Piontkowski ist Wissenschaftler und Journalist, früher leitete er den Moskauer Thinktank Strategic Studies Center. Nun ist er sich sicher, dass der Rückzug aus Cherson Putins Untergang bedeutet. In einem Interview mit dem ukrainischen TV-Sender Freedom sagt er: «Jetzt ist jedem russischen Bürger klar, dass Russland den Krieg verliert.» Auch wenn die Mehrheit des Volkes die «Spezialoperation» befürwortete – jetzt würden diese Entscheide zu «Schockprozessen» im Bewusstsein der Menschen führen.

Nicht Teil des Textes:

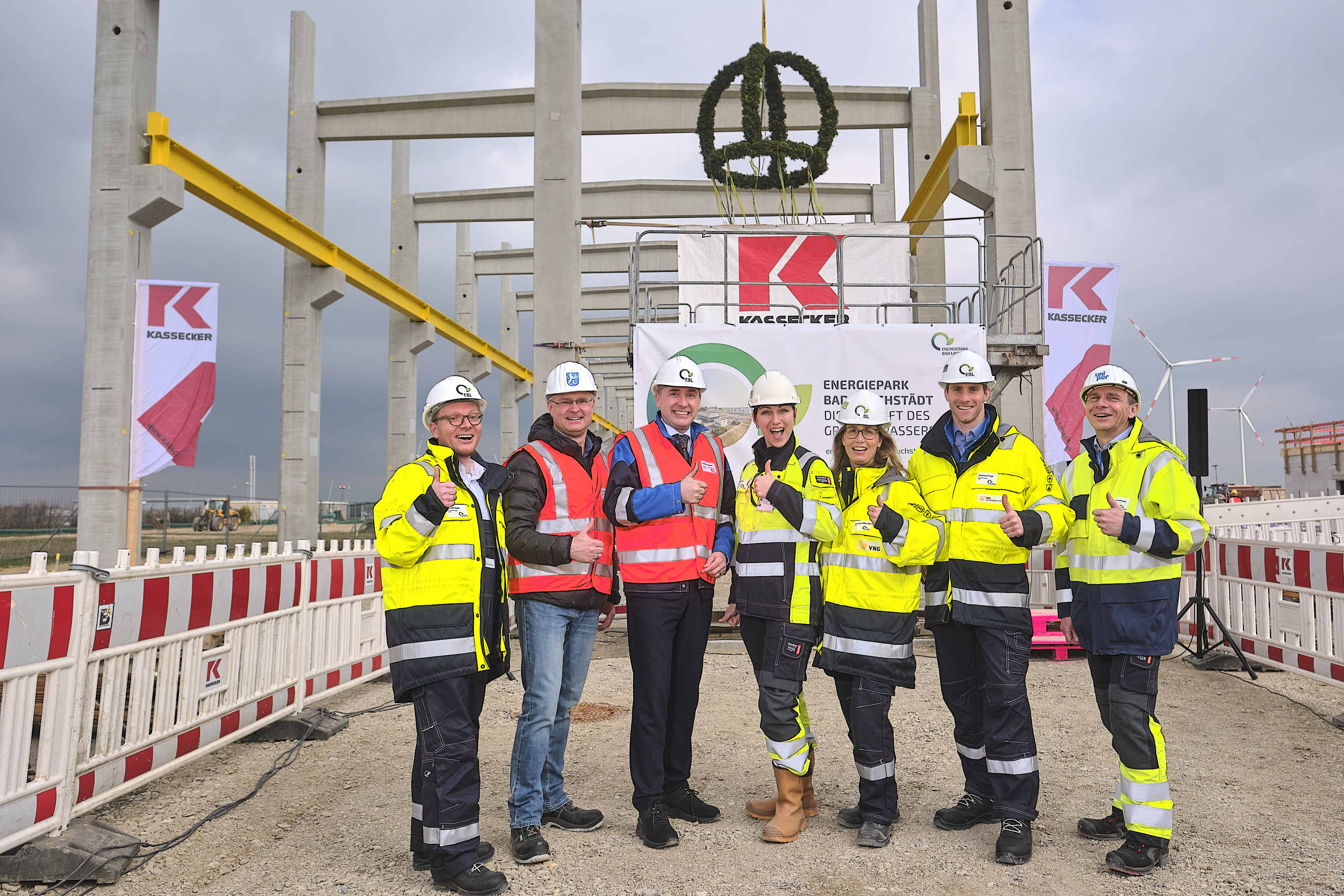 Energiepark Bad Lauchstädt feiert Richtfest für Elektrolysegebäude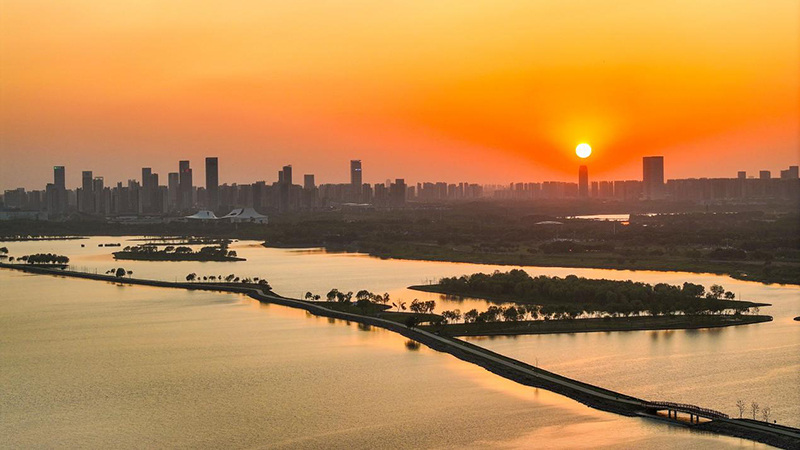 5月1日,游客正在新晋网红打卡点——合肥湖滨国家湿地公园“十里长堤”游玩。张运玲摄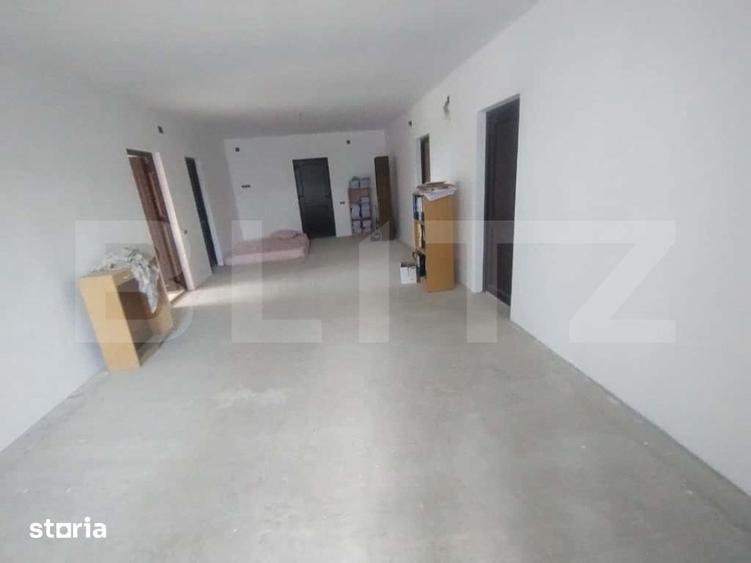 Spațiu comercial, de 1,400 mp, în Uriu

Das habe innenpolitische Auswirkungen. Nach Piontkowskis Prognosen spaltet die russische Bevölkerung zunehmend in zwei Lager. Die einen hassten Putin seit Beginn der Invasion, weil er einen unnötigen Krieg vom Zaun brach. Diejenigen, die seiner imperialistischen Propaganda glauben, werden ihn hassen, weil er verliert. Beide Lager eint aus Sicht von Piontkowski eine enorme Wut auf den Kremlchef. «Er muss nun auswählen, wessen Hass für ihn gefährlicher ist.»
«In einer solchen Situation überlebt man nicht lang»
Immer wieder konnte Putin trotz Niederlagen seine Kritiker überzeugen und fand andere Sündenböcke für Fehler. So überbrachten etwa die obersten Militärchefs Russlands der Öffentlichkeit im Fernsehen die Hiobsbotschaft aus Cherson – und nicht der Kreml-Chef. Doch auch bisherige Putin-Verbündete, meint Piontkowski, würden sich zunehmend fragen: «Wer ist schuld? Wozu überhaupt dieser Krieg?»
Wie die Antworten auf diese Fragen lauten, daran hat der Kreml-Kenner wenig Zweifel: «Bald werden alle Bürger Putin hassen», stellt Pionkowski klar. Der russische Präsident habe sich in eine ausweglose Situation manövriert. «In einer solchen Situation überlebt man nicht lang.»
Laut Piontkowski war die Teilmobilmachung ein Fehler. «25 Millionen russische Wehrpflichtige können in den Fleischwolf des Krieges geworfen werden», so der Experte. Damit habe er das Vertrauen vieler Bürger verloren.